═══ Records to use

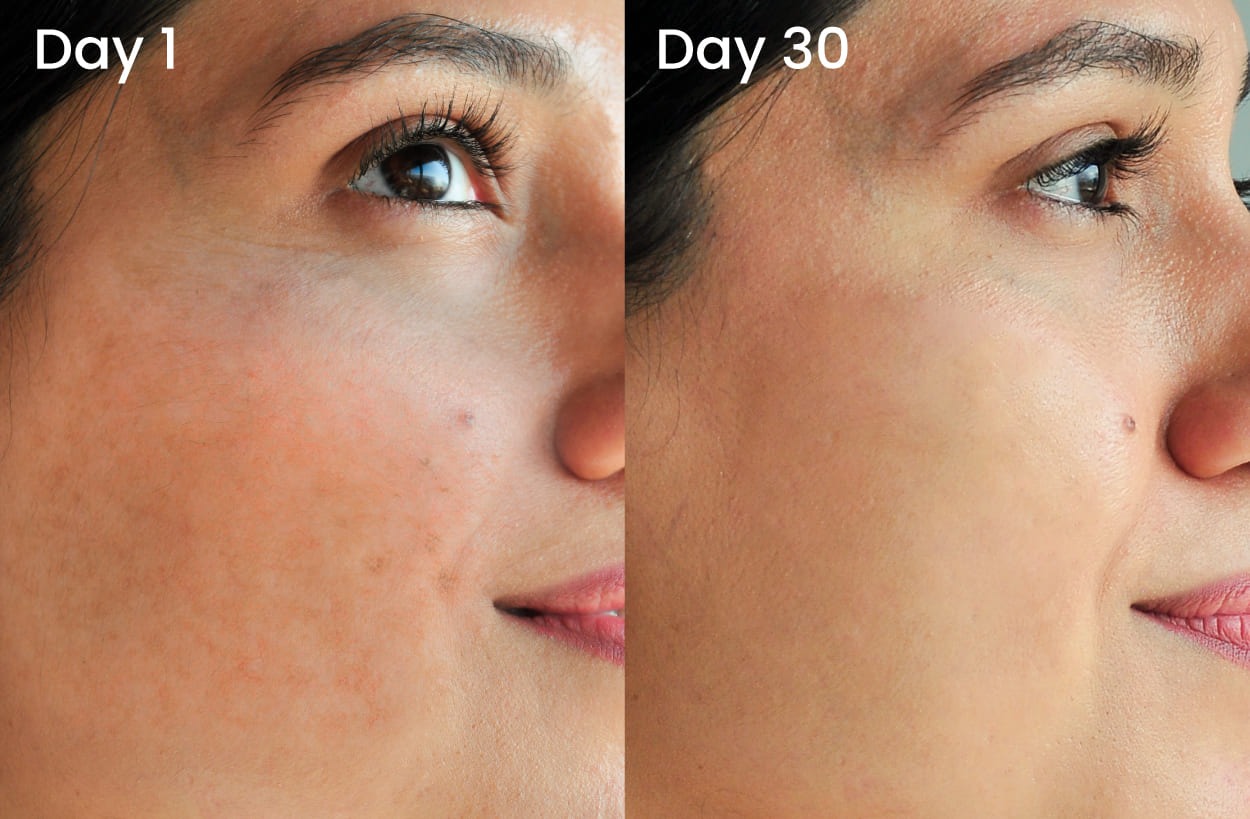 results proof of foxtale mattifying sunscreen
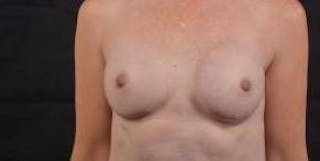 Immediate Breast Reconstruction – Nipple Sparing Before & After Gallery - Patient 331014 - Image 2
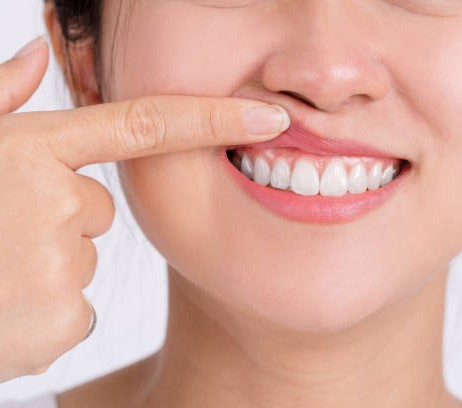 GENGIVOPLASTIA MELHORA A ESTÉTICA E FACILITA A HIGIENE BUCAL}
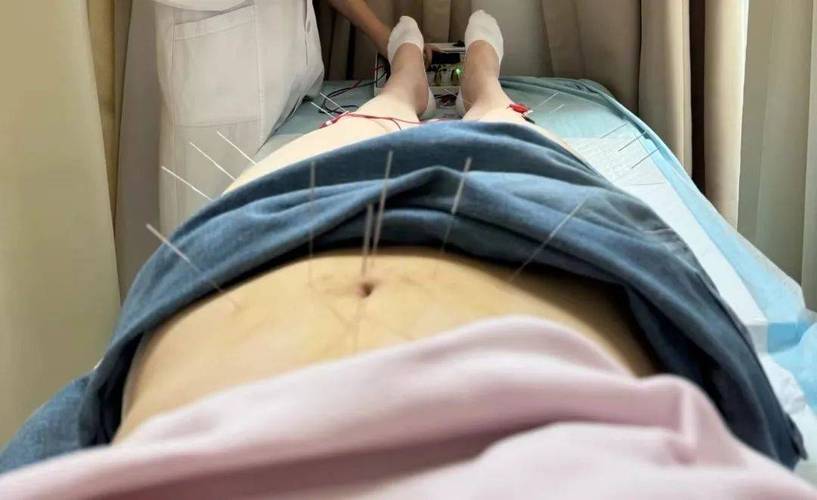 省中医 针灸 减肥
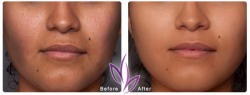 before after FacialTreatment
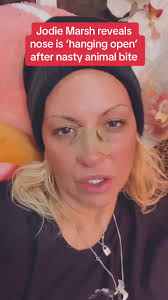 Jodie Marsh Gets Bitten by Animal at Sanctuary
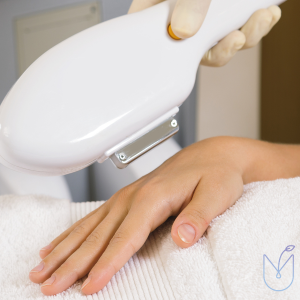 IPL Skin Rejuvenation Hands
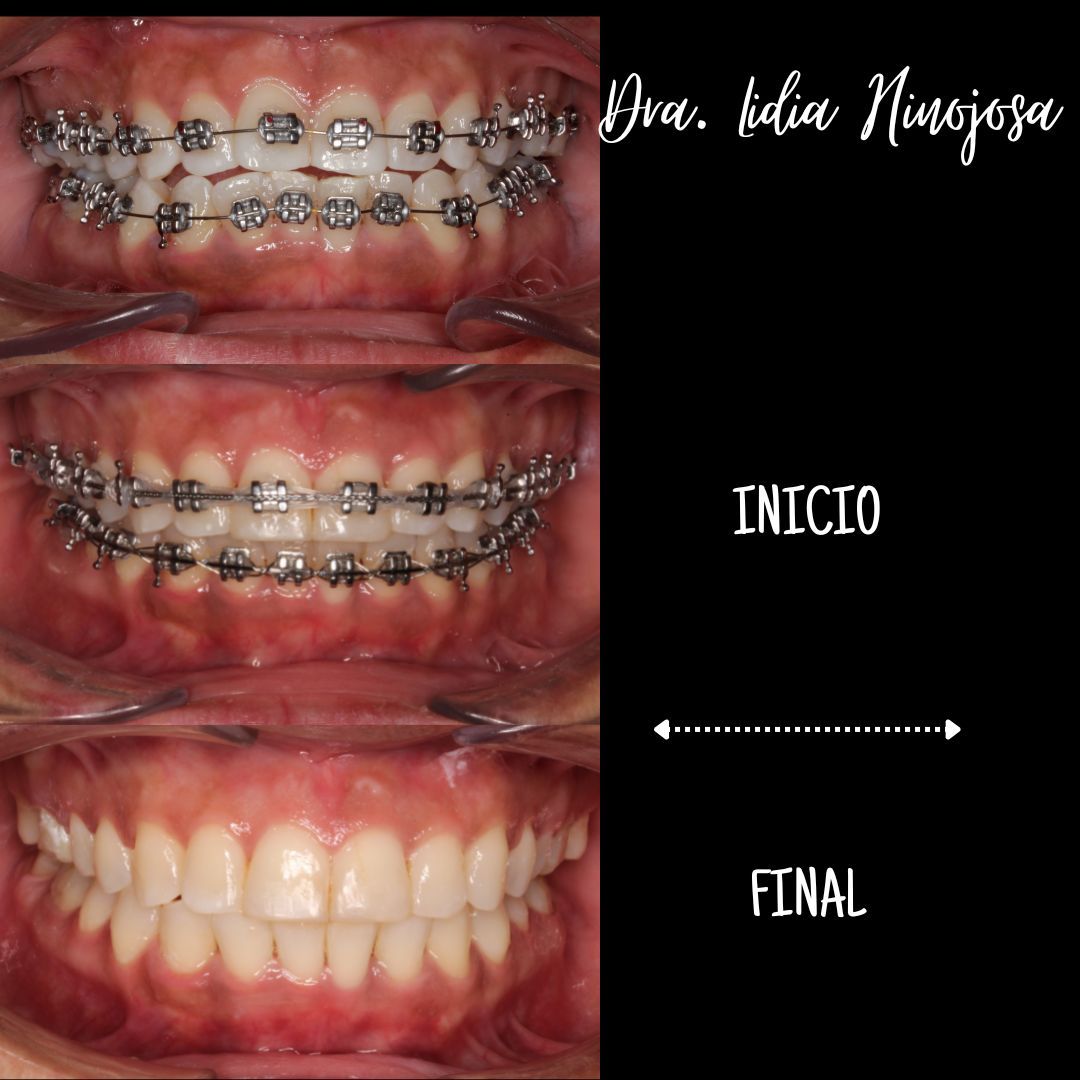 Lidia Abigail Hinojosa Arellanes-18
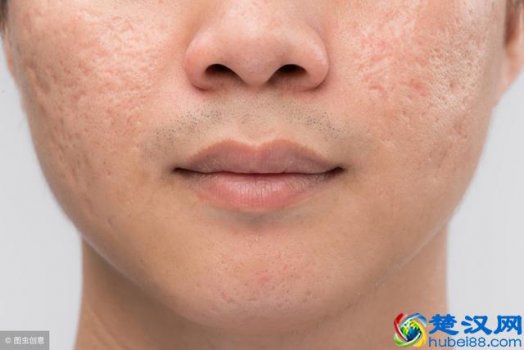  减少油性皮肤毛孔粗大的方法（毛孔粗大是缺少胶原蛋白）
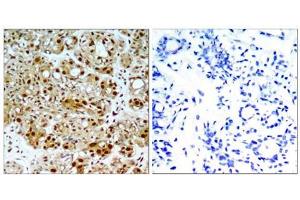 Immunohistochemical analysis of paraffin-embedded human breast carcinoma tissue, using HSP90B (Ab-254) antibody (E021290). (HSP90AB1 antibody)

══════
═══ Records to use

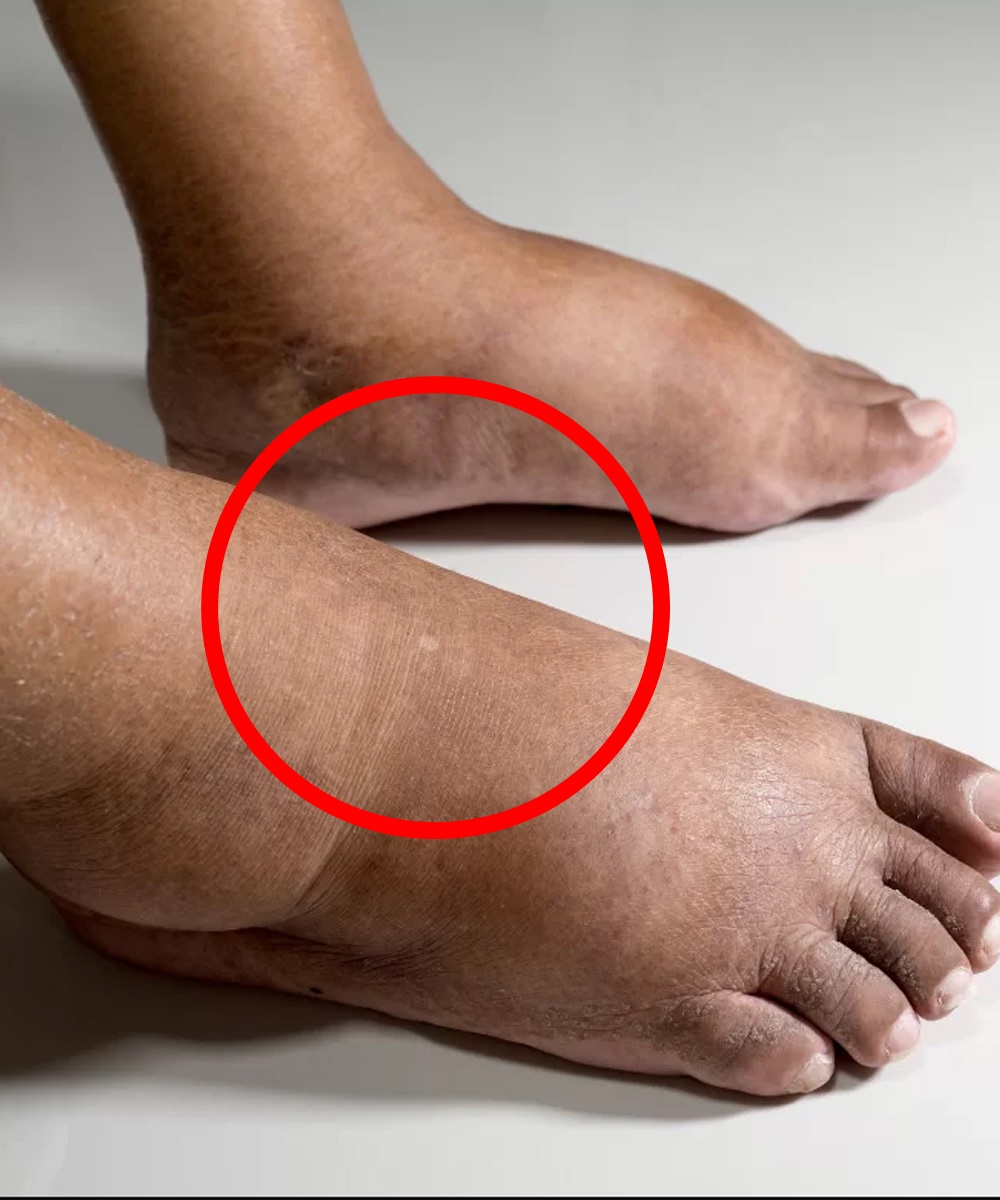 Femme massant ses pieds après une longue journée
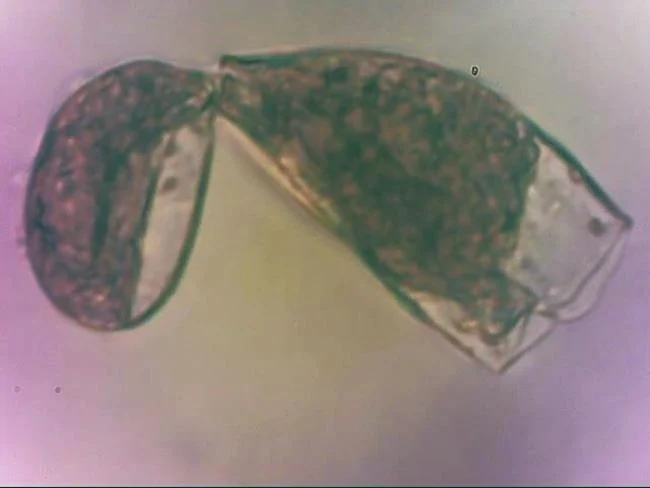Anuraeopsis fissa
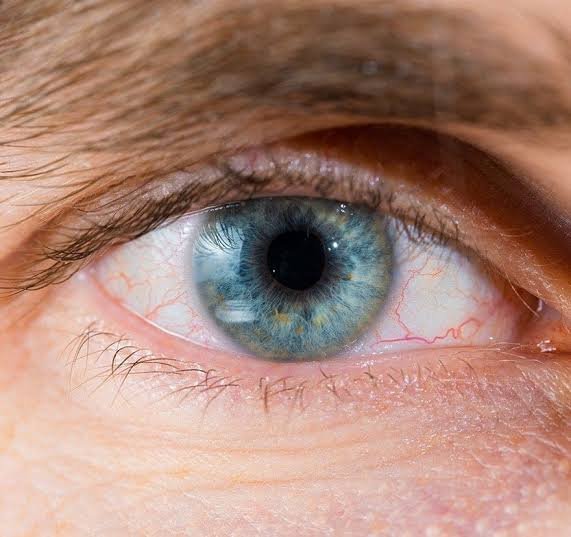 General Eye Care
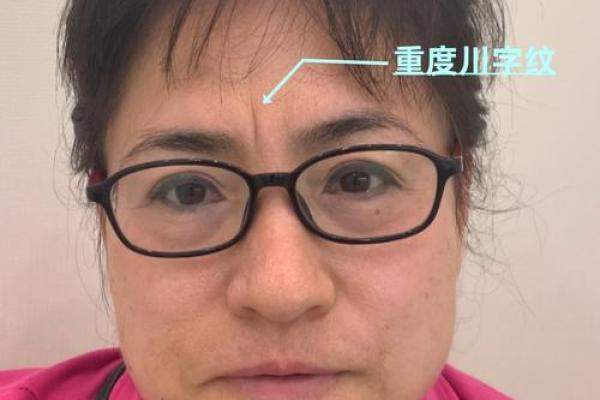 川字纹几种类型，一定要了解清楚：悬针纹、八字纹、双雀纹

══════
═══ Records to use

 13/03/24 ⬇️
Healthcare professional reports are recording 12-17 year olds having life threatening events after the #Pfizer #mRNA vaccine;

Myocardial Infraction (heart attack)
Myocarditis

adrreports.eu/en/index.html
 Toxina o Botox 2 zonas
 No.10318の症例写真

══════

(Exercise prompt) What is needed is a verbatim copy of every line in the records above from the one containing "Myocarditis" down to the one containing "No.10318の症例写真", both included, and nothing more.

(Task output)
Myocarditis

adrreports.eu/en/index.html
 Toxina o Botox 2 zonas
 No.10318の症例写真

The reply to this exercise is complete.